(REQUIRED WORK)
The needed output is the run of lines below from the one containing "Size small, worn" through the one containing "MPES realiza terceira", copied exactly and free of pictures.

(INFORMATION)
━━━━━━

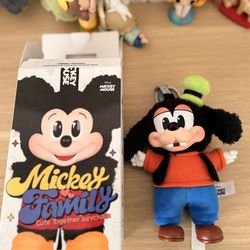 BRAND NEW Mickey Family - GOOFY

━━━━━━

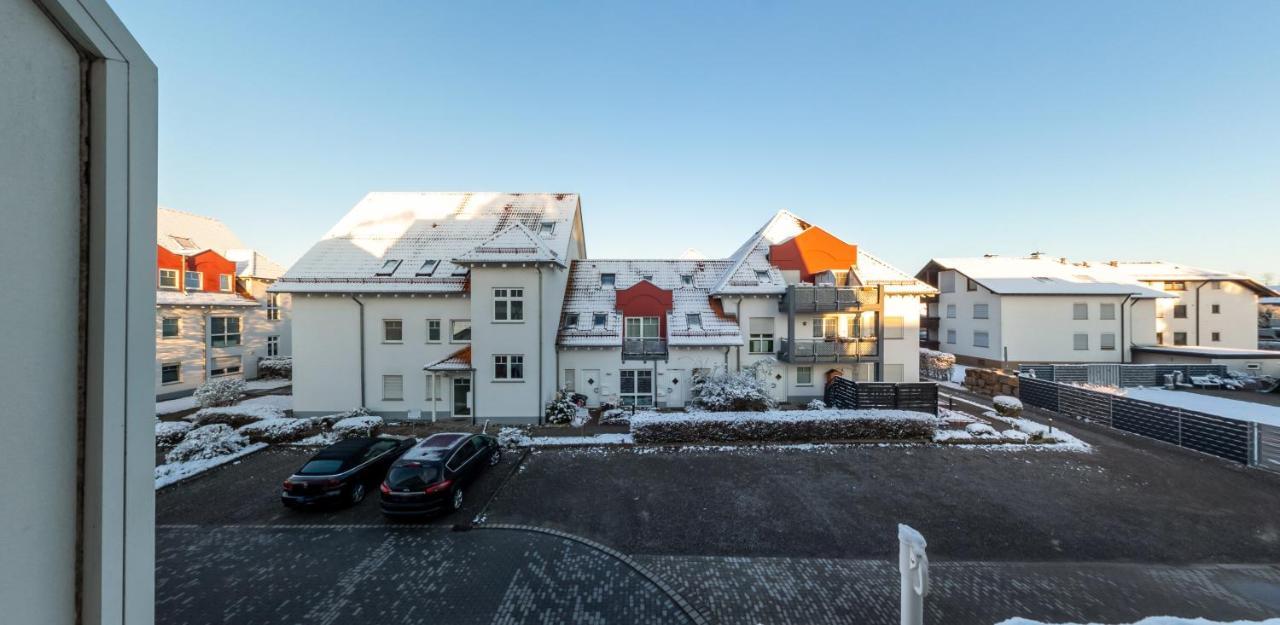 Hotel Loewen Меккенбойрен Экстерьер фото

━━━━━━

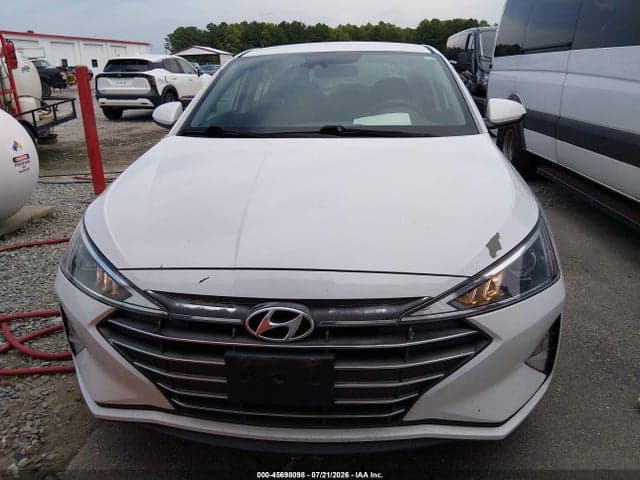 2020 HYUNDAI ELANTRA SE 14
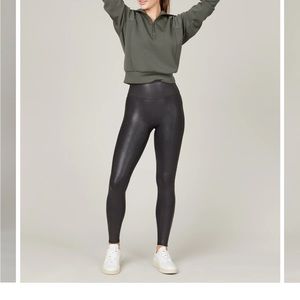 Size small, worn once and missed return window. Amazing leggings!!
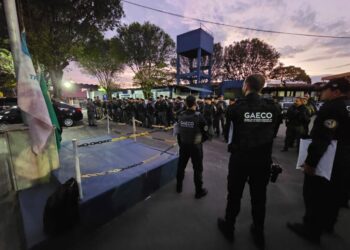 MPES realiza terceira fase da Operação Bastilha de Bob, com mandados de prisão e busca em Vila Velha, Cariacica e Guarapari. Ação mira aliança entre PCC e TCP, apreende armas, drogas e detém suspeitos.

━━━━━━

(ANSWER AREA)
 Size small, worn once and missed return window. Amazing leggings!!
 MPES realiza terceira fase da Operação Bastilha de Bob, com mandados de prisão e busca em Vila Velha, Cariacica e Guarapari. Ação mira aliança entre PCC e TCP, apreende armas, drogas e detém suspeitos.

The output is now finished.